26 December 2009
Roger Scruton, Beauty
From the dust jacket ...
"Beauty can be consoling, disturbing, sacred, profane," writes Roger Scruton. "It can be exhilarating, appealing, inspiring, chilling. It is never viewed with indifference: beauty demands to be noticed; it speaks to us directly like the voice of an intimate friend."

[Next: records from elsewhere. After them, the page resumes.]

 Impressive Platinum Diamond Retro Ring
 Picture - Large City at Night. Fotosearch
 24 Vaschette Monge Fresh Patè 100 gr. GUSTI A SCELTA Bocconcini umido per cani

In a book that is itself beautifully written, renowned philosopher Roger Scruton explores this timeless concept, asking what makes an object--either in art, in nature, or the human form--beautiful. This compact volume is filled with insight and Scruton has something interesting and original to say on almost every page. Can there be dangerous beauties, corrupting beauties, and immoral beauties? Perhaps so. The prose of Flaubert, the imagery of Baudelaire, the harmonies of Wagner, Scruton points out, have all been accused of immorality, by those who believe that they paint wickedness in alluring colors. Is it right to say there is more beauty in a classical temple than a concrete office block, more beauty in a Rembrandt than in an Andy Warhol Campbell Soup Can? Can we even say, of certain works of art, that they are too beautiful: that they ravish when they should disturb. But while we may argue about what is or is not beautiful, Scruton insists that beauty is a real and universal value, one anchored in our rational nature, and that the sense of beauty has an indispensable part to play in shaping the human world.
I came across Scruton this year while researching and reading Dutton's The Art Instinct. A classical conservative, Scruton rails against the "Me" in art and its degradation of beauty. Edification is taught here, if we will listen.